Take a pastry triangle and position it so the wide end is at the bottom and the point is away from you. Spread about 1 tablespoon of the filling in a thin line near the bottom edge, leaving about 1/2 inch border on each side.
Before you begin rolling, fold the bottom right and left corners of the pastry toward the center to cover the edges of the filling. This will trap the filling inside as you roll up the pastry.
Using your fingers, gently roll the pastry away from you toward the point of the triangle. Try to tuck in any open edges as you go along.
When you get to the end, wet the inside of the point of the triangle with a little water and continue to roll. This will seal it to keep the roll closed as it fries.
Heat about 2 inches of oil to frying temperature (350 F to 365 F). Add several pastries to the pan leaving some space in between them to prevent them from sticking to each other.

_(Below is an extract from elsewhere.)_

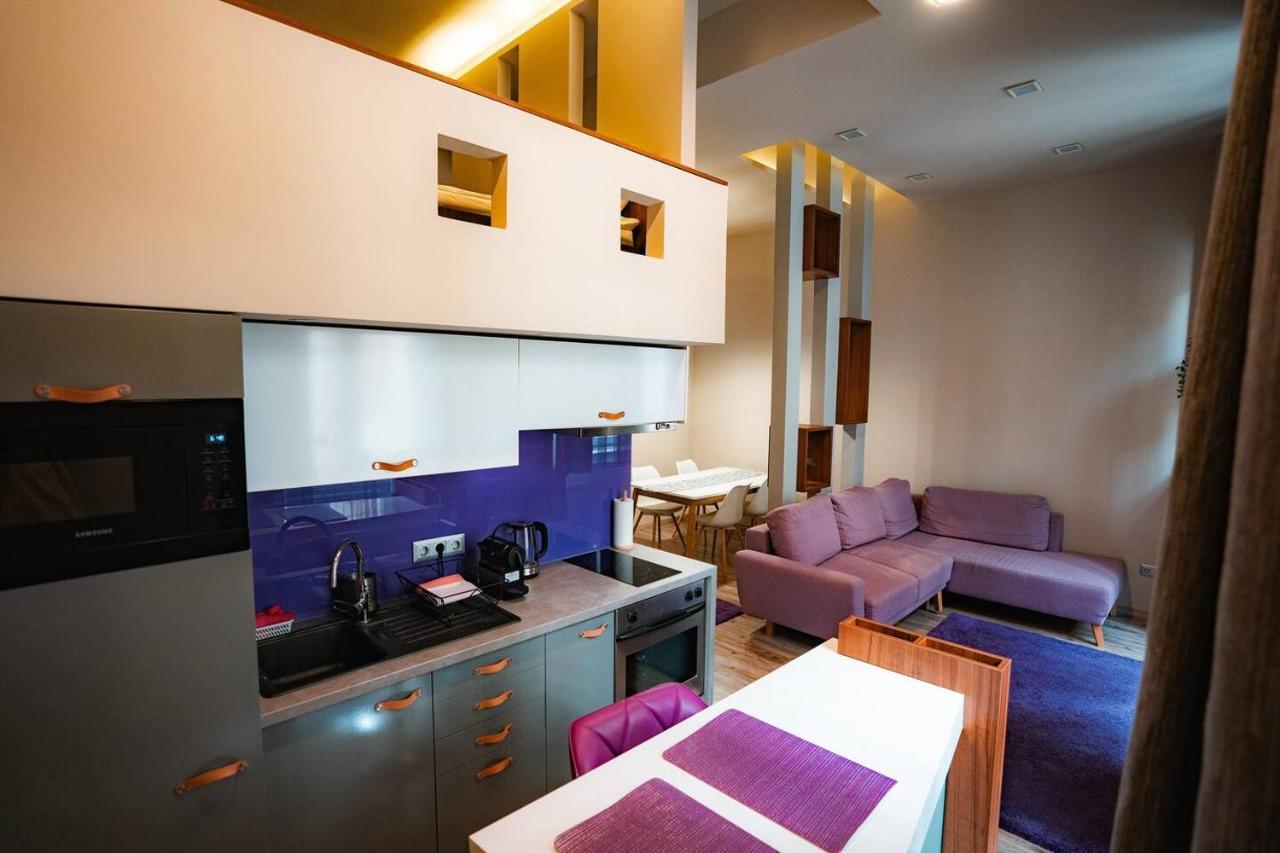 Elizabeth 44 Boulevard Apartment Budapest Eksteriør billede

Using prongs or a fork, move them around as they fry for a more even color. When the ends begin to brown, flip them over and let the other side cook. The pastries are done when they are golden brown all over with darker ends.
Drain the pastries on a thick layer of paper towels before serving.
- You can find yufka in Mediterranean grocers and on websites selling Turkish ingredients. If you have extra time and can afford some elbow grease, you can roll out your own yufka sheets.
- If you’re using round yufka sheets, use a pizza cutter or sharp knife to cut them into triangles. Divide each circle into 8 to 10 triangular slices like you are slicing a pizza. The wide base of each triangle should be about 4 to 5 inches wide.
Make Ahead Tips
- You can assemble the sigara böreği ahead of time and refrigerate, wrapped well, for one to two days before cooking.
- You can also freeze the uncooked pastries for up to two months. Place them in layers separated by waxed or parchment paper in an airtight container. Fry them directly from the freezer—there is no need to thaw before cooking.
You can experiment with different Turkish cheeses and other fillings like seasoned ground beef, Turkish pastrami, called pastırma (pah-STIR’-mah), and spicy beef sausage called sucuk (soo-JOOK’).
What Are Meze?
You can usually expect two rounds of meze before a meal of meat or fish. Cold meze dishes, most often made with fresh, seasonal vegetables, are served first, followed by a round of hot meze selections. If you’re dining out, meze dishes are often so plentiful and delicious, they end up overshadowing the rest of the meal.